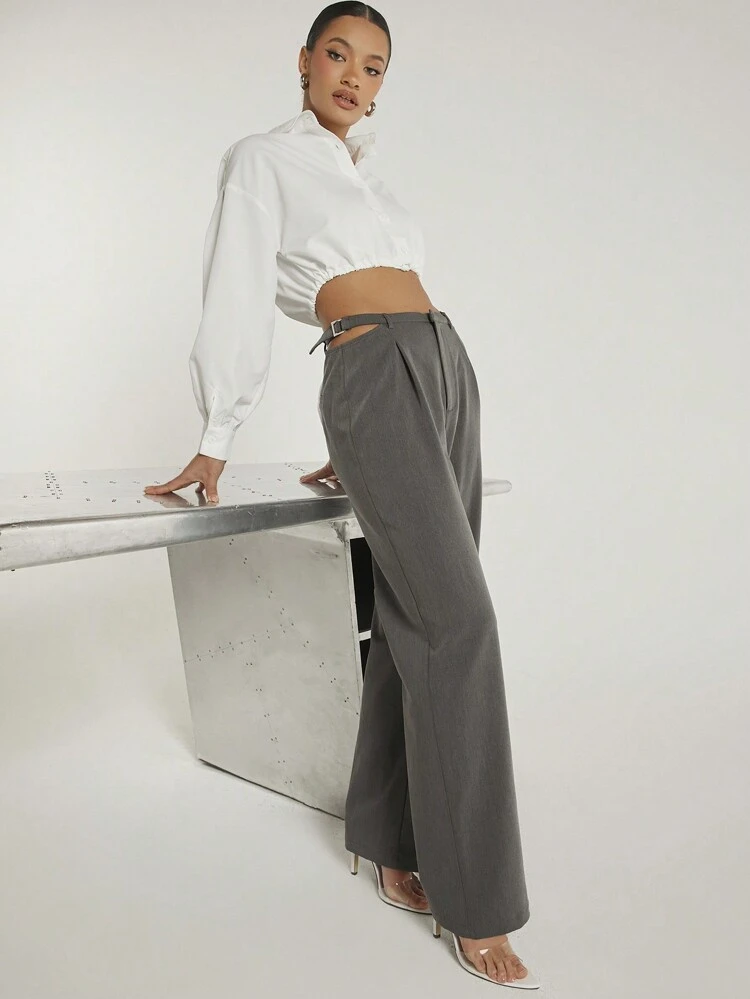 Buckle Cut Out Waist Wide Leg Pants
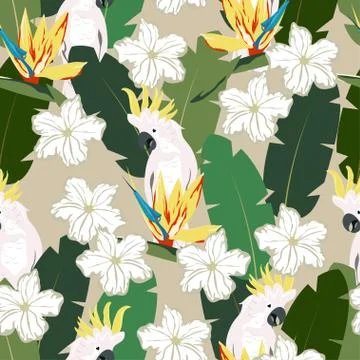 Tropical pattern with parrot Illustrazione stock
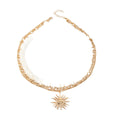 Natural shell necklace wholesale cross-border niche accessible luxury jewelry sun pendant multi-layered vacation style clavicle chain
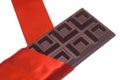 Chocolate bar and red silk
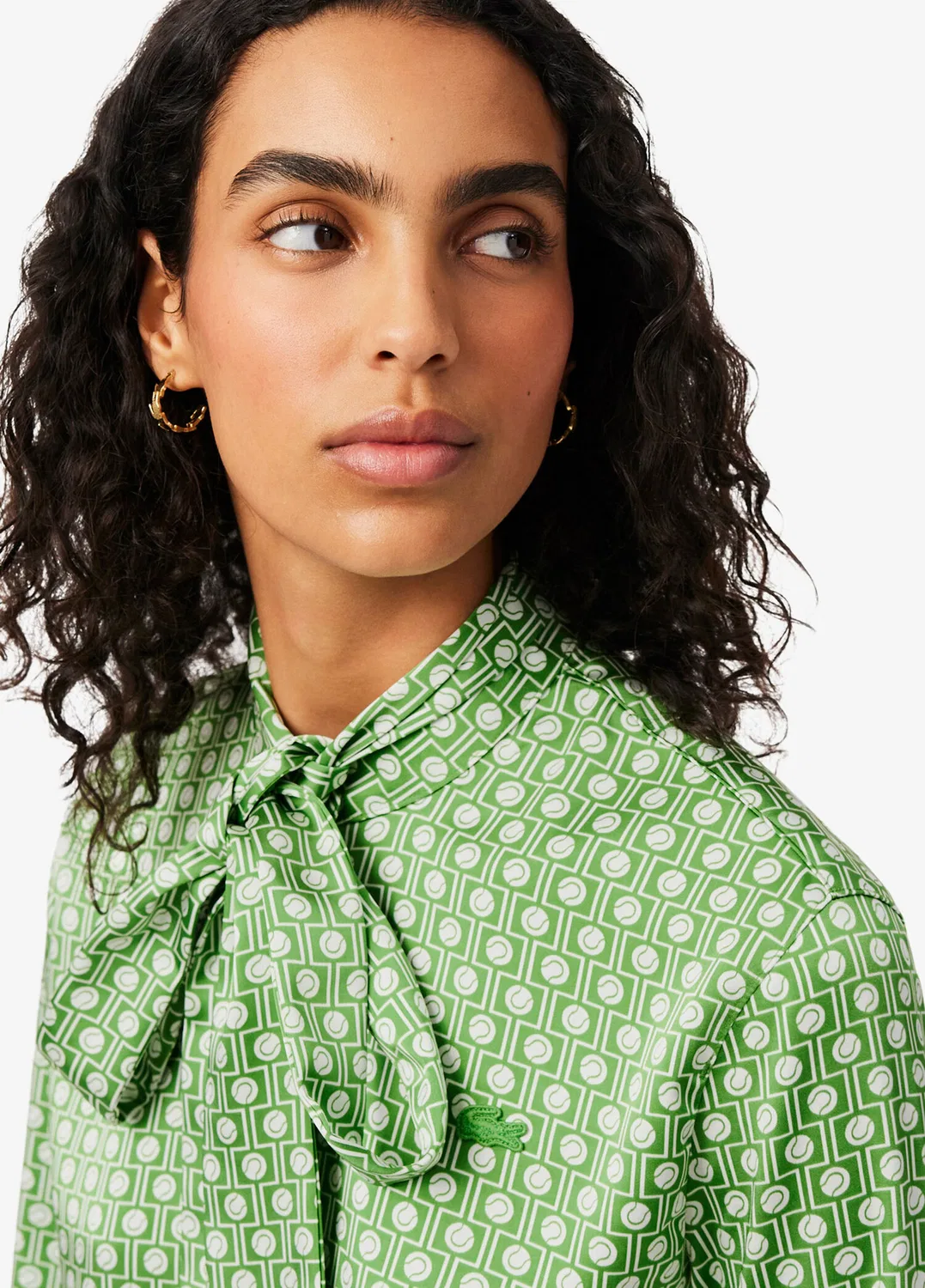 Рубашка женская Lacoste, зеленая — фото 3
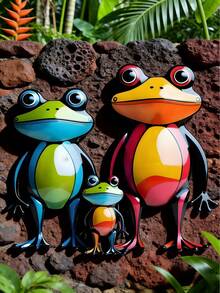 1 pièce Décoration murale en métal de famille de grenouilles 2D colorée - Style bohème imaginatif, décoration de grenouille vintage, convient pour la chambre d'enfant, le salon, le balcon, la boutique de fleurs, le zoo et le jardin, la décoration de la maison, la décoration du jardin, la décoration murale, cadeau idéal pour les amateurs de grenouilles et les familles - Famille de grenouilles colorées - Voir 7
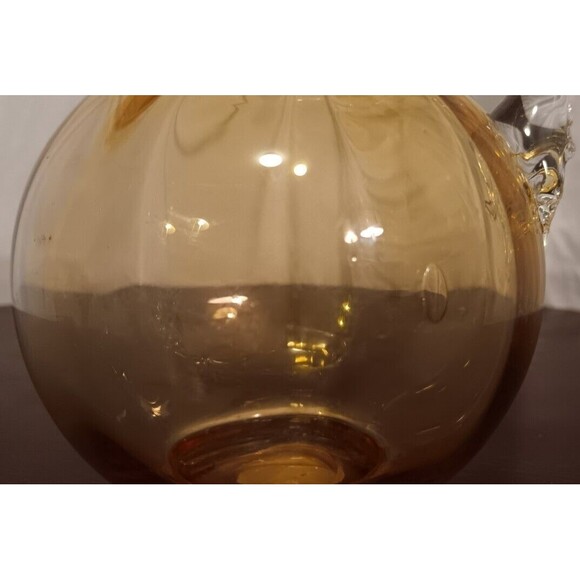 Vintage Amber Glass Cream Pitcher 5.75" Mid-Century - Picture 4 of 8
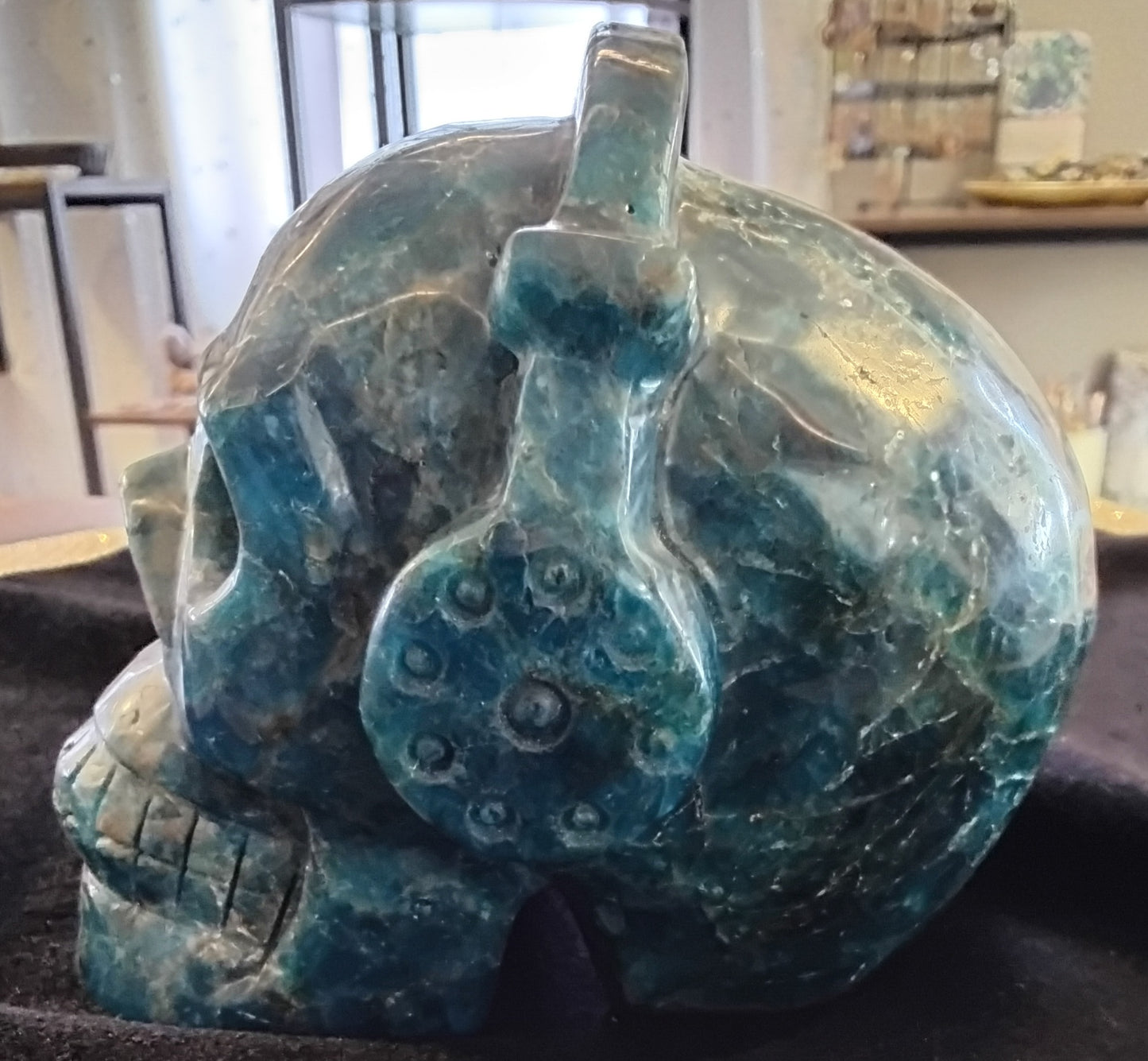 Blue Apatite Skull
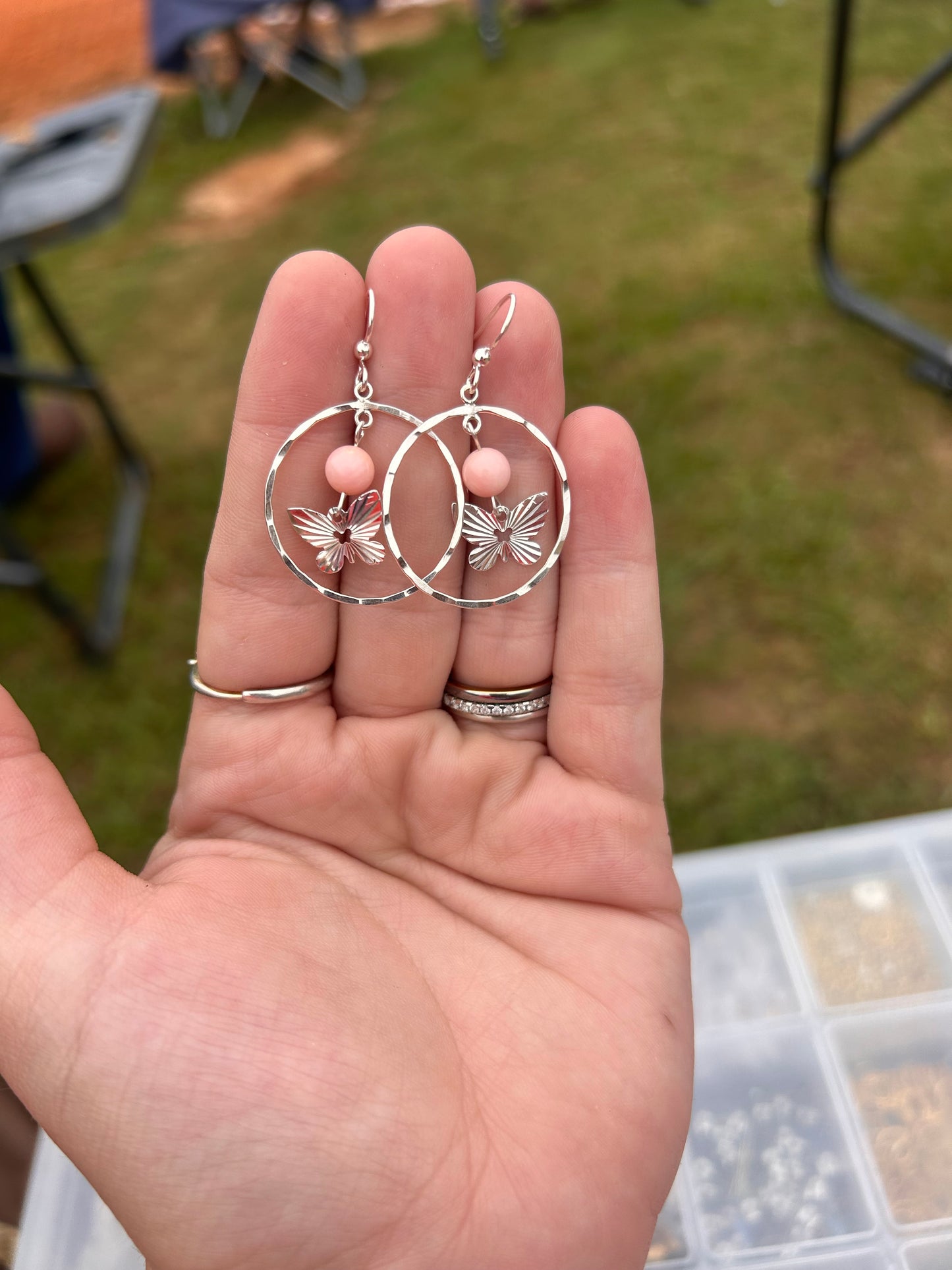 Silver butterfly earrings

- Your goal:
Could you print all the entries exactly as they stand, with the pictures left out?

- Exercise answer:
 Buckle Cut Out Waist Wide Leg Pants
 Tropical pattern with parrot Illustrazione stock
 Natural shell necklace wholesale cross-border niche accessible luxury jewelry sun pendant multi-layered vacation style clavicle chain
 Chocolate bar and red silk
 Рубашка женская Lacoste, зеленая — фото 3
 1 pièce Décoration murale en métal de famille de grenouilles 2D colorée - Style bohème imaginatif, décoration de grenouille vintage, convient pour la chambre d'enfant, le salon, le balcon, la boutique de fleurs, le zoo et le jardin, la décoration de la maison, la décoration du jardin, la décoration murale, cadeau idéal pour les amateurs de grenouilles et les familles - Famille de grenouilles colorées - Voir 7
 Vintage Amber Glass Cream Pitcher 5.75" Mid-Century - Picture 4 of 8
 Blue Apatite Skull
 Silver butterfly earrings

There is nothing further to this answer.